I wonder what kind of noise floors people are getting with their installations when the antenna is detached and terminated with a 50 ohm load? Mine is around -115 dBm from 10 kHz to about 20 MHz rising to -110 dBm at 30 MHz.

Steve KD2OM

Comments

  • Accepted Answer
    Hi Steve,

    What mode and bandwidth are you using when you measure the noise floor ?

    It shouldn't change from when a load is connected directly to the KiWi and when connected at the far end of the coax in place of the antenna.

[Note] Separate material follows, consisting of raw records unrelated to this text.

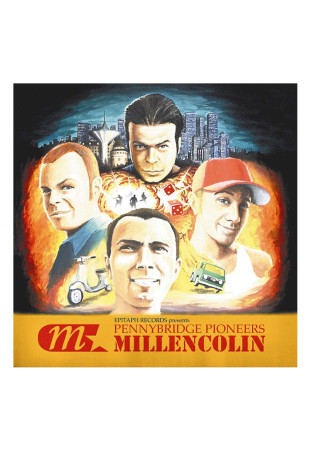 Millencolin - Pennybridge Pioneers [LP]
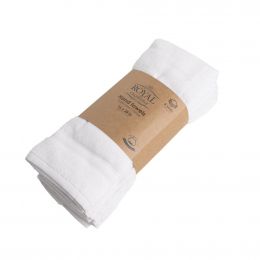 Royal Excellence Hand Towels 6 Units / 40.6 cm x 71.1 cm / 16" x 28"
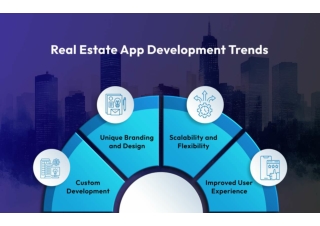 Real Estate App Development Trends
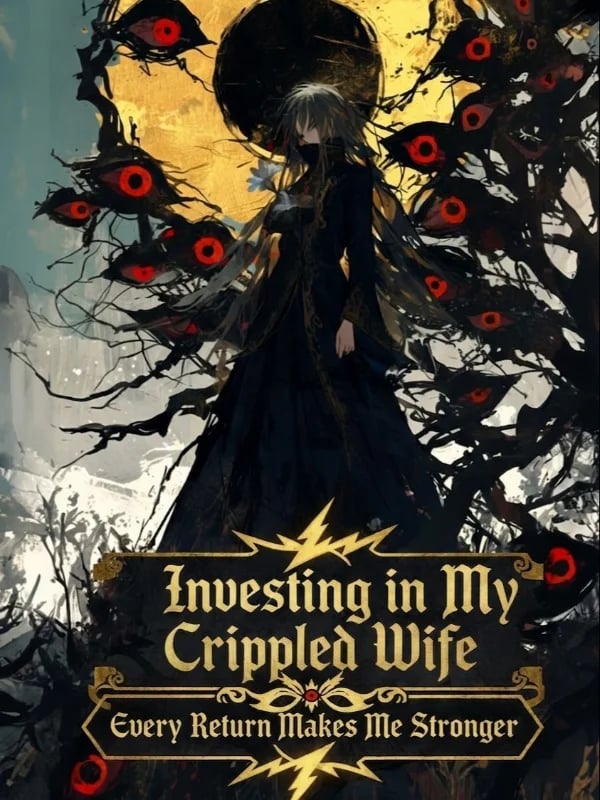 Invertir en mi esposa discapacitada: Cada retorno me hace más fuerte — Book Cover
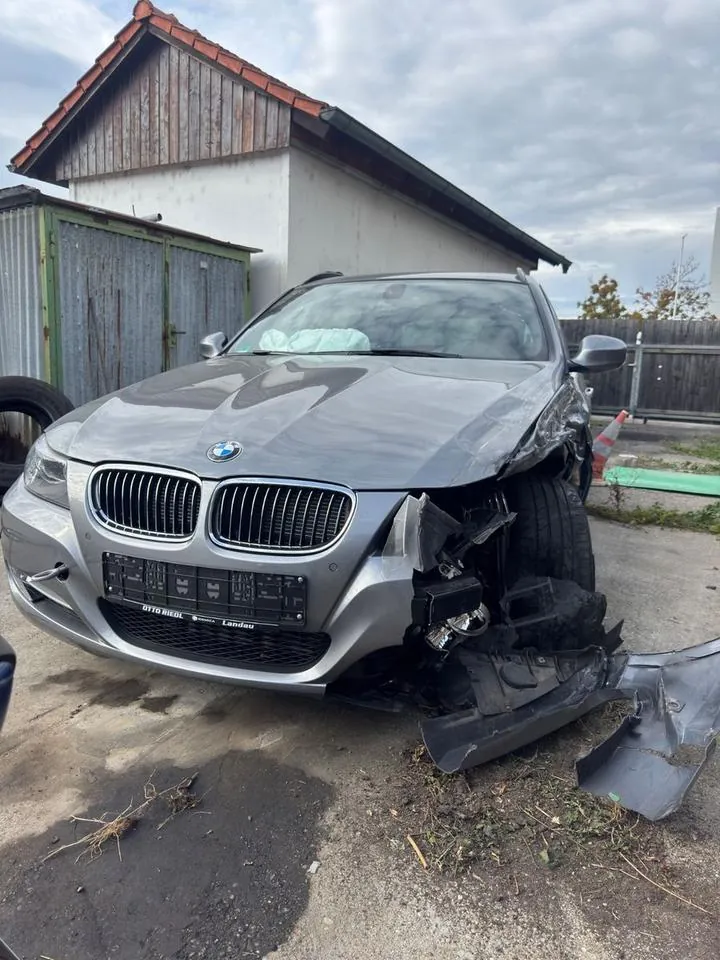 BMW 320D Touring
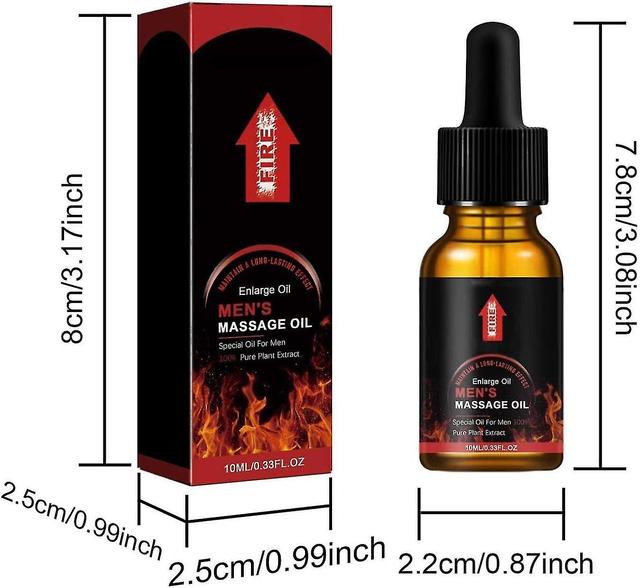 Szdkv Pde5 Inhibitor Supplement Drops, Pde5 Inhibitor Dietary Supplement, Inhibitor Supplement Drops Men's Massage Oil Drops For Men 2pcs on Productcaster.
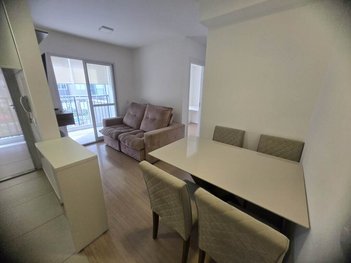 apartment em Rua Atucuri, Chácara Santo Antônio (Zona Sul) - São Paulo - SP
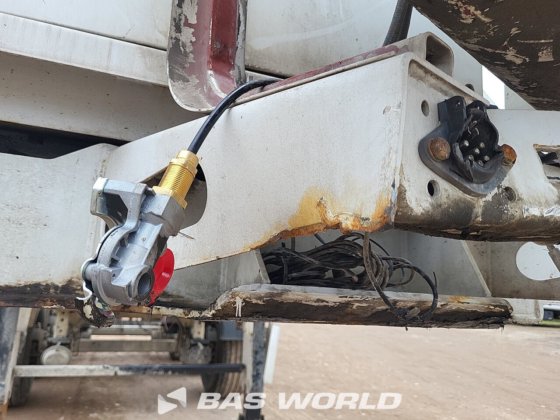 シュウィング・ステッター コンクリートミキサー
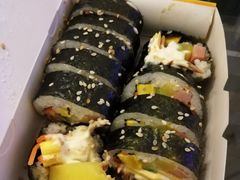 芝士紫菜包饭-传闻来紫菜包饭·打糕(西塔韩百店)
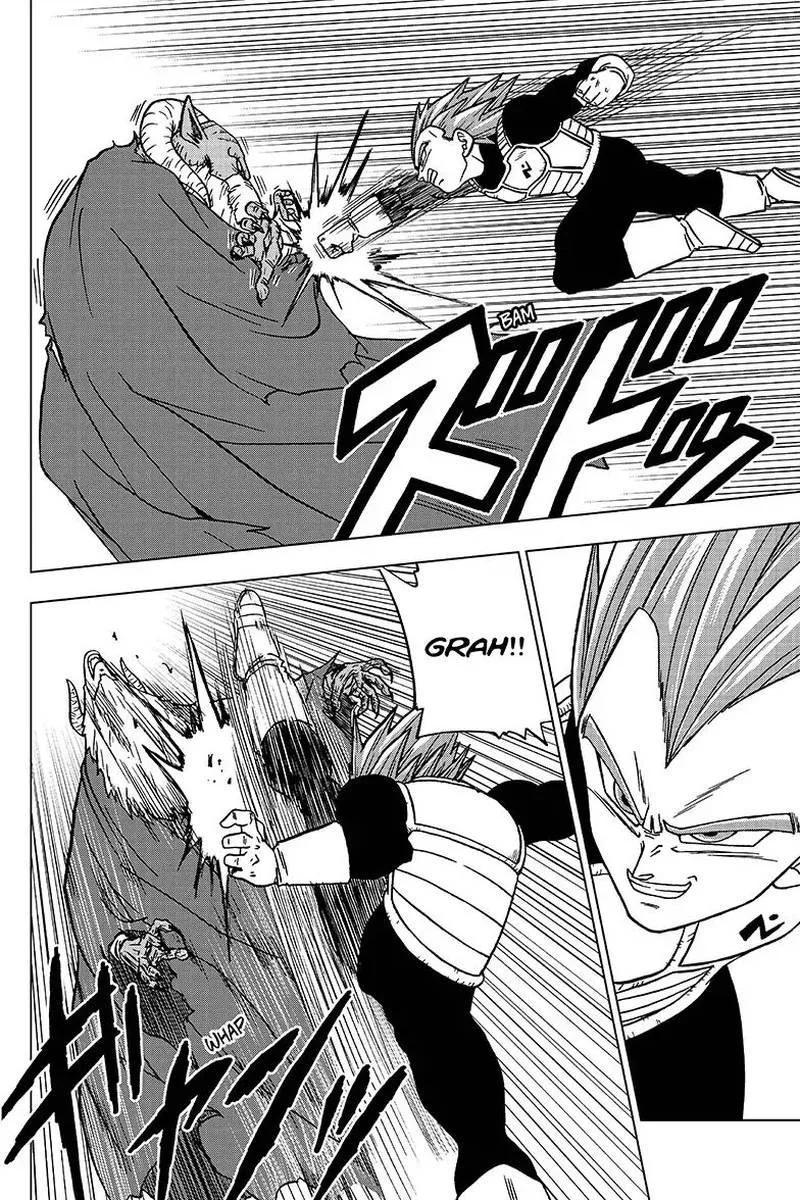 Dragon Ball Super Chapter 44 page 40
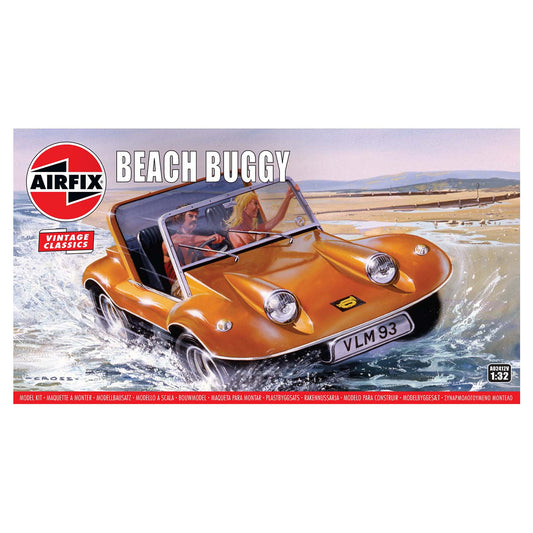 Airfix Beach Buggy Vintage Class...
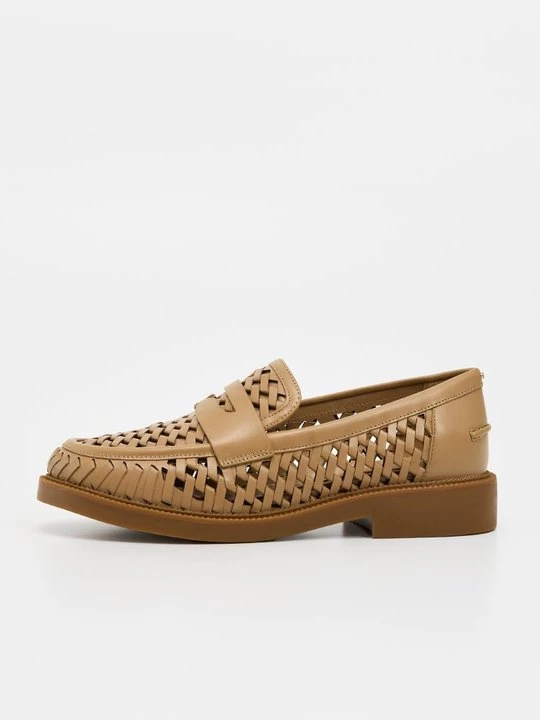 Foto van product Instappers Michael Kors camel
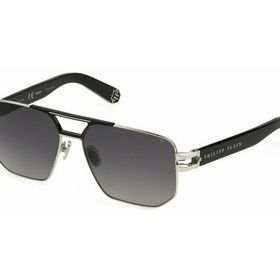Philipp Plein SPP 012M 583P 61 Erkek Güneş Gözlüğü
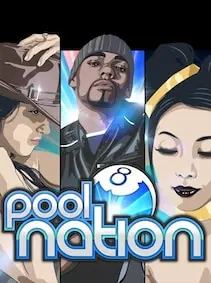 Pool Nation — Steam, Standard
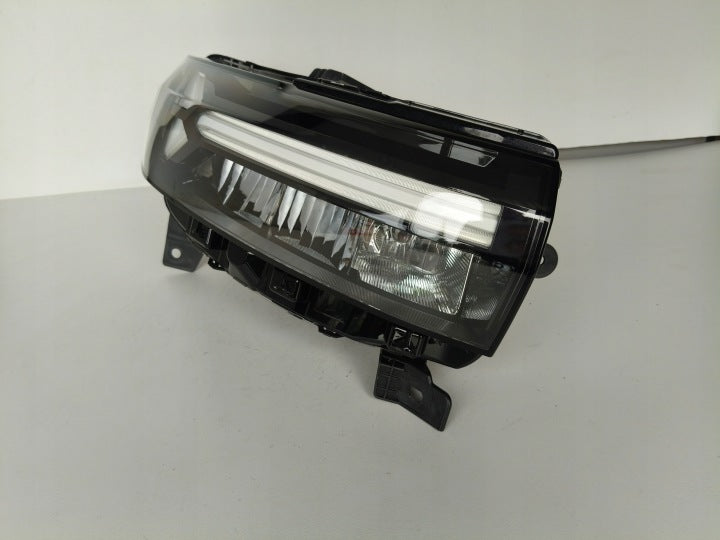Frontscheinwerfer Dacia Duster 260107725R Rechts Scheinwerfer Headlight SCH6486025763uq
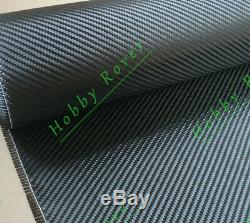 Commercial Grade Setting fabric 40 x 10yd Carbon Fiber Cloth 2x2 Twill 3k 5.9oz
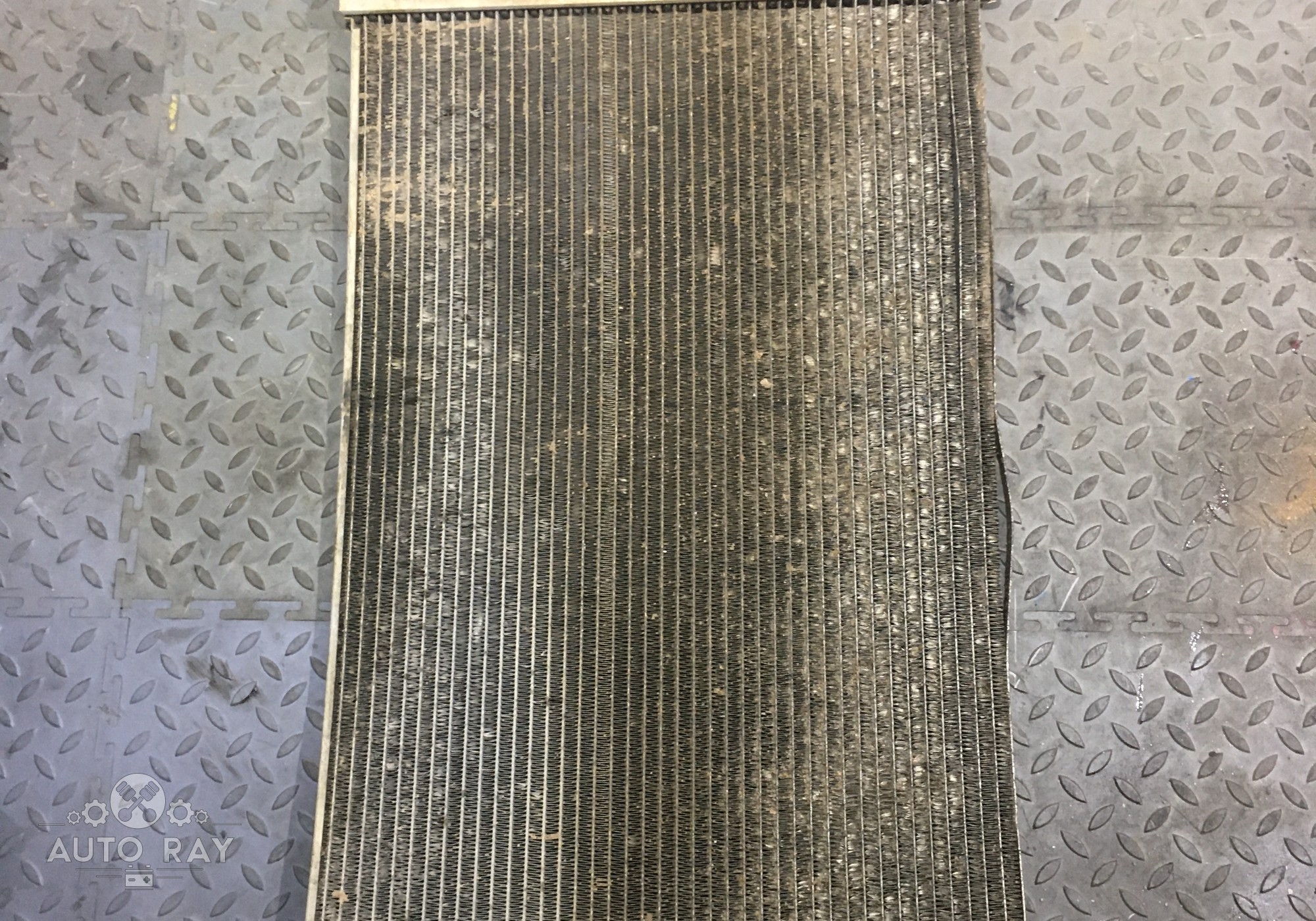 13129192 Радиатор кондиционера для Chevrolet Cruze I (с 2009 по 2015)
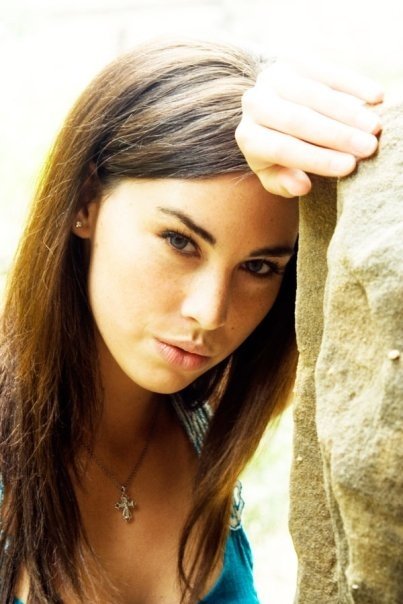 Female model photo shoot of Cassandra Kangas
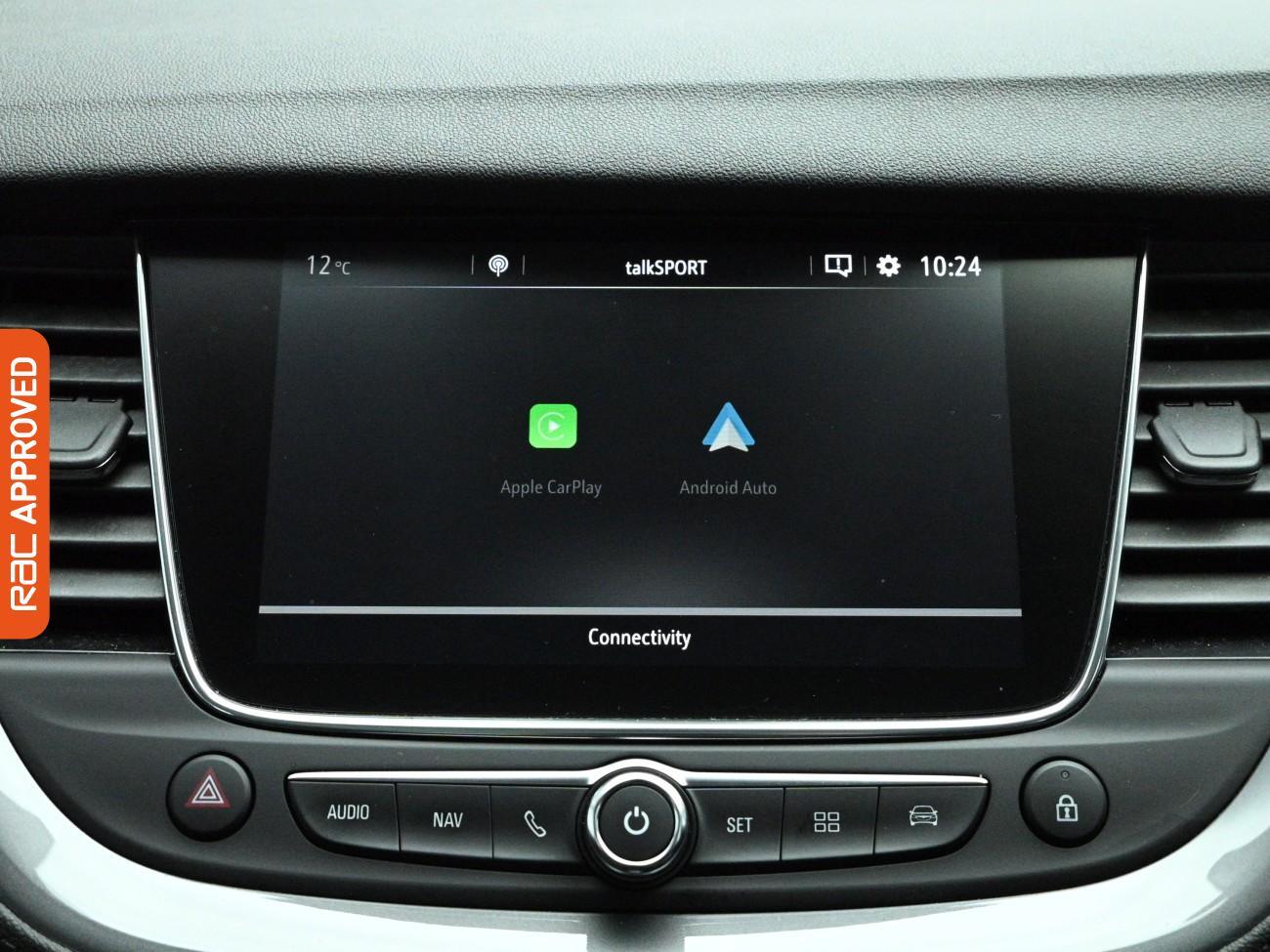 Used Vauxhall Grandland X 2019 for sale - 77834955: Photo 17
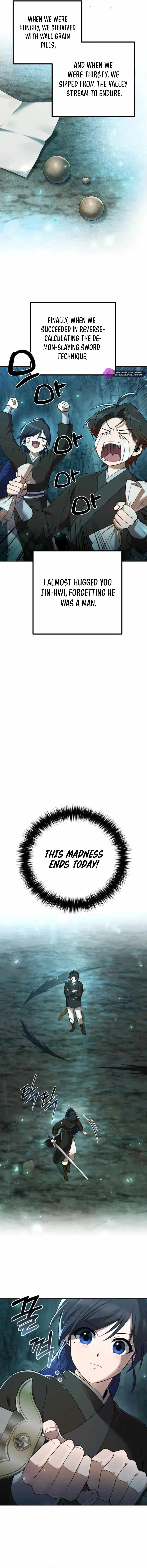 The Second Eunuch Regains His Manhood Chapter 11 Page 10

    If it does you have a problem, and probably need to add some local grounding at the antenna and some choke baluns along the coax.

    Regards,

    Martin - G8JNJ

     


  • Hi Martin, I am looking at the full range 0 to 30 MHz. You are correct, there should be no change or at least not much. Too much would suggest poor shielding of the coax or ground loops. I notice a small increase in the noise floor at higher frequencies and just wanted to see if others are seeing the same thing to determine if my installation needs improvement. I have been considering putting the receiver in a box, but if there won’t be an increase in sensitivity or decrease in ambient noise, I won’t bother.

    73
    Steve KD2OM
  • Accepted Answer
    Hi Steve,

    Mine's pretty flat from a few KHz up to 30MHz.

    The problems most folks have are 'hedgehogs' of spikes at regular intervals, usually peaking around specific frequencies. These are generally originating from specific bits of kit such as switched mode power supplies, Ethernet routers or other nearby interference sources.

    The KiWi does radiate some noise (especially around 144MHz) and also has some issues with Ethernet spurs around 23127KHz. The metal case may help reduce these further, but only if all the connecting cables are already free from noise.

    The easiest way to check is to make a small screened loop about 1" in diameter from some coax. Connect the inner and screen together at the end of the coax and connect this to the outer screen of the coax to form the loop. Half way around the loop cut the outer screen so that there is an electrical gap in it. Connect the other end of the coax to the KiWi RF input and set it to fully zoom out.

    You can now 'sniff' around various cables and other bits of kit to see where spurious signals are coming from and what frequencies they occupy. Adding ferrites and trying different screening and grounding arrangements should help you to gradually reduce the levels of the unwanted signals.

    Regards,

    Martin - G8JNJ


  • Accepted Answer
    emeraldsdr.ddns.net:8073/admin

    Check out the above link to my SDR, I think it's pretty quiet.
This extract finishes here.